After adding a new reference execute the following where the go.mod file is located: go mod tidy
Test convention must have the suffix convention: *_test.go
. Execute with go test
Build your project with go build
More learning material here
- documentation # Setup documentation
- src # Source code
- awshelper # go package for aws helper utilities
- datastores # go package for dynamo data layer classes
- lambda # contains all deployable go lambdas
- comprehend_processor # go lambda triggered off Textract S3 to process textract results with Comprehend + send to Opensearch.
- document_classifier # metadata go lambda triggered off registration DB stream to check if document is valid + trigger events accordingly.
- document_ingest # go lambda triggered off uploaded documents in RawDocuments S3. Beginning of the workflow.
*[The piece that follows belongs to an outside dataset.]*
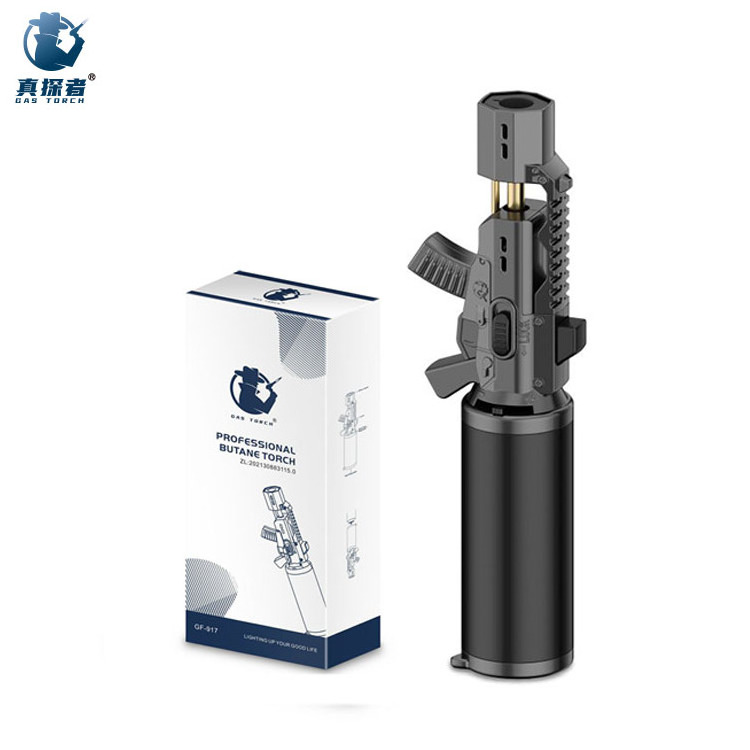 GF-917 New model metal refilled windproof straight gun shape torch blue flame lighter butane gas for kitchen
- document_lineage # metadata go lambda to track document history in the system in relation to posted lineage events.
- document_processor # go lambda triggered off valid classified documents in tracking DB stream to assess the document type + place it in the appropriate bucket (sync or async)
- document_register # metadata go lambda triggered off ingestion events that tag + catalogue the document then sends events for further processing.
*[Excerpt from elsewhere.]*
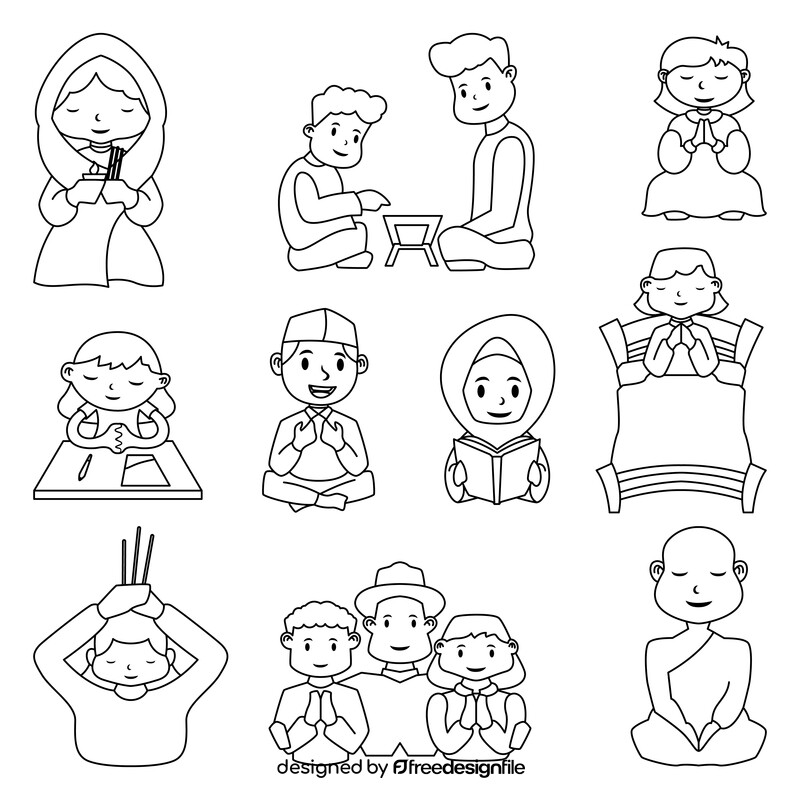 Children praying set black and white vector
- document_tracking # metadata go lambda to track record processing in the system in relation to posted pipeline events.
- textract_async_processor # go lambda that is triggered off textract completion SNS, processes the result and writes to S3
- textract_async_starter # go lambda triggered off async bucket and initiates textract async processing (PDF).
- textract_sync_processor # go lambda triggered off sync bucket, does textract sync processing (JPG, PNG) and writes to S3.
- metadata # go package for metadata clients used to push events for downstream consumers.
- textractparser # go package for textract parsing + writing to S3
- cf-template.resources.yml # Cloudformation resource definitions (S3, SNS, DynamoDB, ElasticSearch, etc.)
- go.mod # Go module file
- go.sum # Go dependencies
- Makefile # Build file to streamline build operation.
- package.json # Serverless dependencies
- serverless.yml # Project definition + structure + infrastructure as code.
- Setup your local AWS credentials with aws configure --profile profilename for the Deploy step.
- Edit the Makefile and replace the profile name with the one you created.
make deploy
- Edit the Makefile and replace the profile name with the one you created for the Remove step. Delete the stack by executing the following
make remove
In order to test the pipeline, and witness some results, do the following:
- In the Amazon S3 console, locate the S3 bucket whose name is
document-processing-pipeline-dev-rawdocumentsbucket...
. This is the initial upload bucket that kickstarts the whole process. - Upload your favorite PDF to it (one that is preferably not too long).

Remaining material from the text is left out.